(Data extracted from a collection)
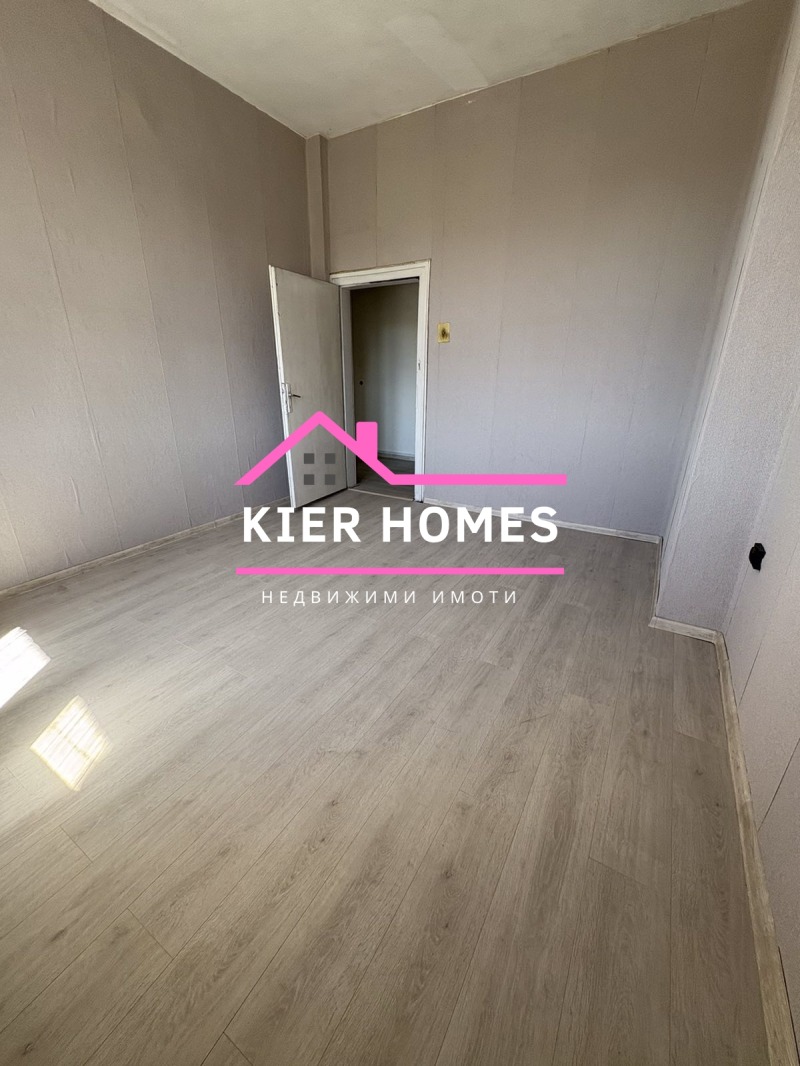 À venda  1 quarto região Haskovo , Dimitrovgrad , 52 m² | 62860978 - imagem [2]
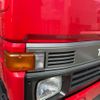 toyota hiace-truck 1992 CFJ1550512 image 20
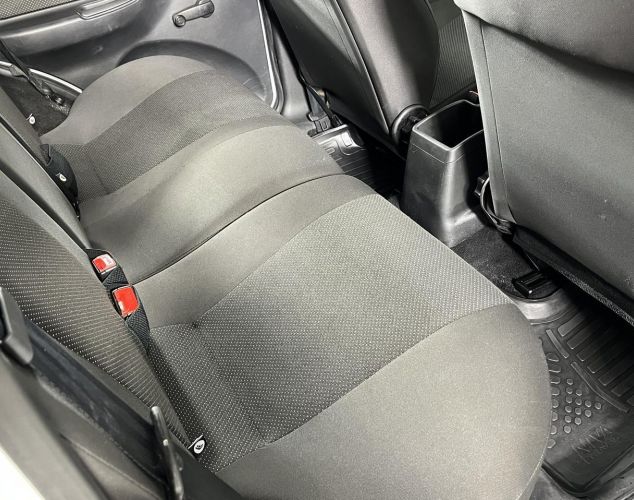 LADA (ВАЗ) Niva Travel  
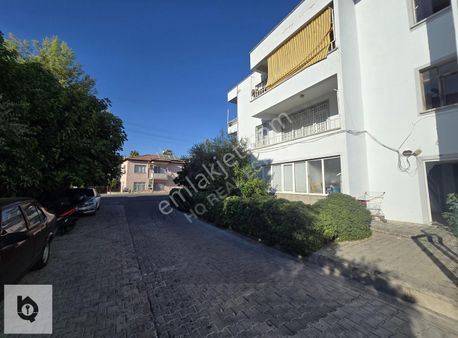 Hq Emlaktan Fethiye Kesikkapı 4+1 (boş) Satılık Çok İyi Konumda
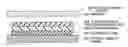 Fig. 01 - Roll of continuous web of optical film laminate and production method therefor
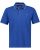 Gant Piqué-Poloshirt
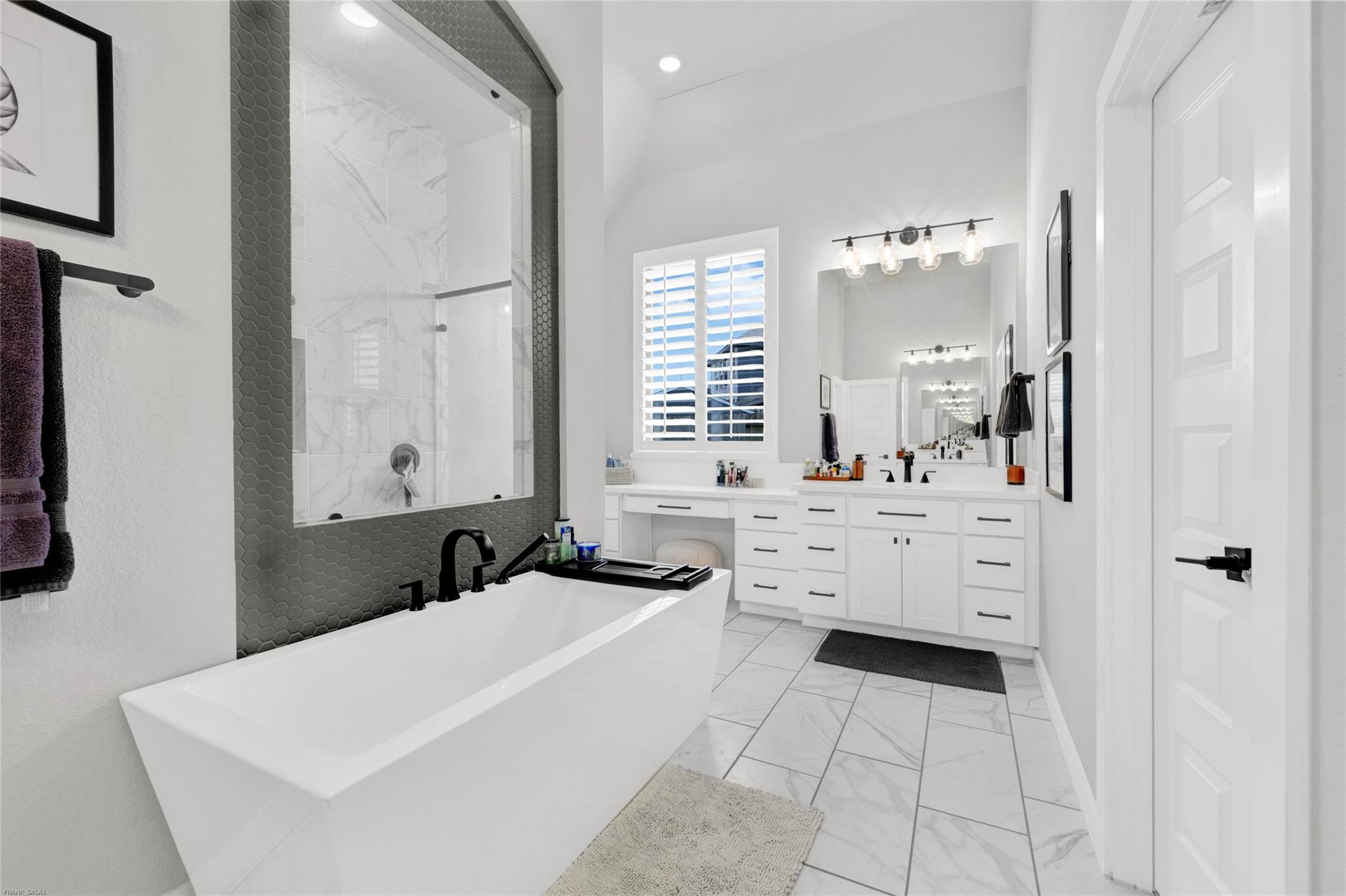 30707 Bent Tree Court
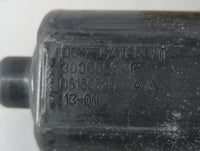 2011-2014 Chrysler 200 Driver Front Left Power Window Motor - Oemusedautoparts1.com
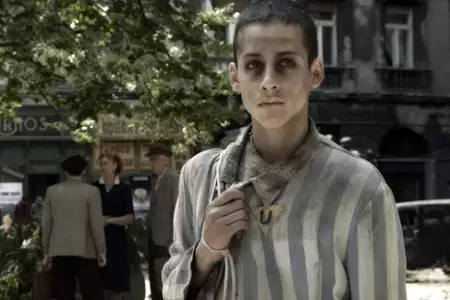 Los utracony - galeria zdjęć - filmweb
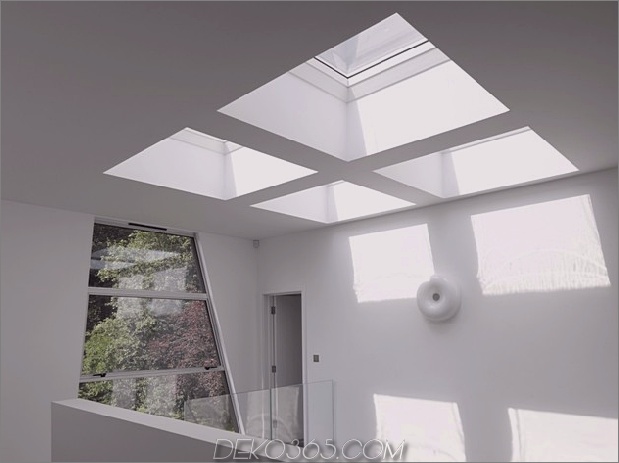 eckige Linien-Graustufen-Farbdefinition-Britisch-Abode-15-skylight.jpg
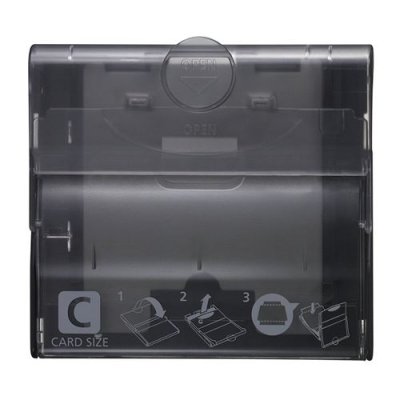 Canon Papiercassette PCC-CP400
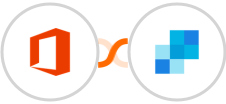 Microsoft Office 365 + SendGrid Integration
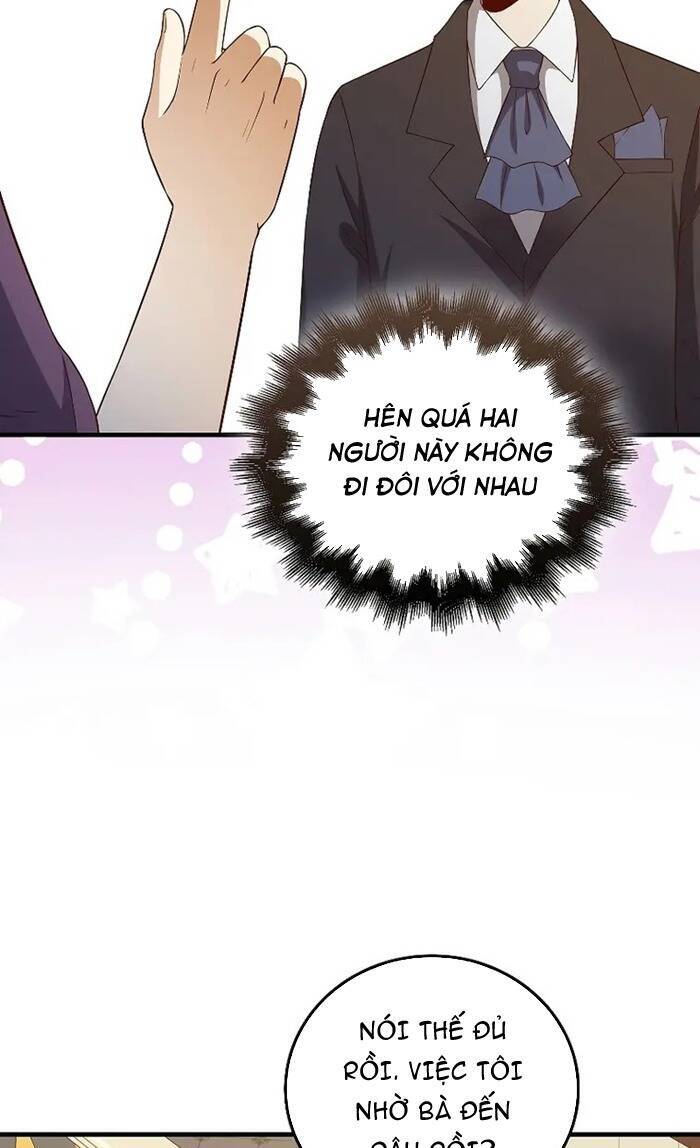 Thương Nhân Thánh Thần Chapter 107 - Trang 2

◆ What is expected
From the first line through the line with "Gant Piqué-Poloshirt", output those lines of the entries above exactly, and nothing else, with the pictures left out.

◆ Result below
 À venda  1 quarto região Haskovo , Dimitrovgrad , 52 m² | 62860978 - imagem [2]
 toyota hiace-truck 1992 CFJ1550512 image 20
 LADA (ВАЗ) Niva Travel  
 Hq Emlaktan Fethiye Kesikkapı 4+1 (boş) Satılık Çok İyi Konumda
 Fig. 01 - Roll of continuous web of optical film laminate and production method therefor
 Gant Piqué-Poloshirt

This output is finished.